Grande era l’attesa per la regia di Gabriele Lavia, che si può considerare uno ‘specialista’ del testo di Schiller (del quale è stato regista e interprete principale già nel 1982 e di nuovo nell’attuale stagione teatrale) e che si era già cimentato nell’allestimento dei “Masnadieri” di Verdi nel 1986 a Pisa. Purtroppo l’esito non ha corrisposto alle aspettative, in quanto la gestione dei movimenti collettivi e dei gesti individuali è apparsa assai convenzionale e povera di idee. Discutibile anche l’impatto visivo dello spettacolo: la scena fissa (di Alessandro Camera) evoca uno stato di emarginazione e di degrado attraverso muri ricoperti di graffiti, detriti e foglie morte; solo pochi dettagli marcano simbolicamente il mutare dei contesti (all’inizio del secondo atto, ad esempio, Amalia si genuflette davanti a una croce scheletrica calata dall’alto, che riduce all’osso l’ambientazione prescritta da Maffei: «Recinto attiguo alla chiesa del castello. Vi sorgono in disparte alcuni sepolcri gotici. In uno recente è scolpito il nome di Massimiliano Moor»). Inutilmente distonici rispetto alla cornice ‘contemporanea’ risultano i costumi di Andrea Viotti, incerto tra le fogge tardo-ottocentesche dei protagonisti, l’aria da gangster dei masnadieri e il punk dei convitati di Francesco.

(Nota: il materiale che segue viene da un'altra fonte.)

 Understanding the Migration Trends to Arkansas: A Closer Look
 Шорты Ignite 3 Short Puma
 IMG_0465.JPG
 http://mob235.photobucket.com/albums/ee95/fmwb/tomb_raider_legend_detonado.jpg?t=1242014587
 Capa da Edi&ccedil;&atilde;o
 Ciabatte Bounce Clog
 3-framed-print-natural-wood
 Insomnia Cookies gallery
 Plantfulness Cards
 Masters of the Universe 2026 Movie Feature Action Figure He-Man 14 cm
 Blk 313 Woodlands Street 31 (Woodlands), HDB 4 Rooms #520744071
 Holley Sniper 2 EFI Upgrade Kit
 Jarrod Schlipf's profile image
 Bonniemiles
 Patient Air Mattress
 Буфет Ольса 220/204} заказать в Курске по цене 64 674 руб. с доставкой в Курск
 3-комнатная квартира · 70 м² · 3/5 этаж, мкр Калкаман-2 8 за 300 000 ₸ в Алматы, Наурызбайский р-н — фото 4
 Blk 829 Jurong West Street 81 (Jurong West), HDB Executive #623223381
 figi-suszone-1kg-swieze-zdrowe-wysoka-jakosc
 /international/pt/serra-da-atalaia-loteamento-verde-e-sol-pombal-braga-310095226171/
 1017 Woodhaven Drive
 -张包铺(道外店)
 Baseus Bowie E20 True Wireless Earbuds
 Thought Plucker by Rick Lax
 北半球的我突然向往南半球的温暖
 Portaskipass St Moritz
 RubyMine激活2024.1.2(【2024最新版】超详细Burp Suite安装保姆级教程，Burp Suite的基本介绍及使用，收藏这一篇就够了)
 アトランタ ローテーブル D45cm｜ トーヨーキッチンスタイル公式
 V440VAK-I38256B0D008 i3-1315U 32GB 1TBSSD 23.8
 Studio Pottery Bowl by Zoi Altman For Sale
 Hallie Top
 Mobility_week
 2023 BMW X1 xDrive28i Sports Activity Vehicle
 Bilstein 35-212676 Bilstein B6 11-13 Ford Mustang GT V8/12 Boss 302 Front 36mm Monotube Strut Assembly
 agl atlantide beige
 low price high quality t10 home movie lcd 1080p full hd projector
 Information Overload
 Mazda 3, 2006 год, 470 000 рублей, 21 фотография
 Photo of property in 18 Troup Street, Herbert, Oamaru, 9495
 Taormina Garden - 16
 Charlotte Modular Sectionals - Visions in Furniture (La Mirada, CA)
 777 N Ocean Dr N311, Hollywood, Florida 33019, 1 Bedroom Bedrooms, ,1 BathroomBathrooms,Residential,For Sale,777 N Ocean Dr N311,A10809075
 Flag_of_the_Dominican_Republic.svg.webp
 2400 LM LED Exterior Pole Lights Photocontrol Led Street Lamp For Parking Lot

Buona invece la prestazione dei cantanti, il tenore Stefano Secco (Carlo), il baritono Vladimir Stoyanov (Francesco) e il basso Deyan Vatchkov (Massimiliano). Olga Mykytenko, che ha sostituito l’indisposta Lucrezia Garcia, ha reso l’impervio ruolo di Amalia con precisione e agilità. A completare il cast Walter Omaggio (Arminio), Dario Russo (Moser) e Massimiliano Chiarolla (Rolla). Il vero protagonista della serata, tuttavia, è stato il maestro Nicola Luisotti, nuovo direttore musicale del San Carlo. La sua è una conduzione energica, serrata, incisiva, non esente da qualche platealità nel gesto e negli effetti, ma senz’altro adattissima alla pulsazione del giovane Verdi e capace di guidare gli strumentisti del San Carlo in una navigazione sicura e generosa. Un plauso merita anche il coro, diretto da Salvatore Caputo, chiamato spesso in causa dalla partitura soprattutto per rappresentare l’aggressiva irruenza dei masnadieri.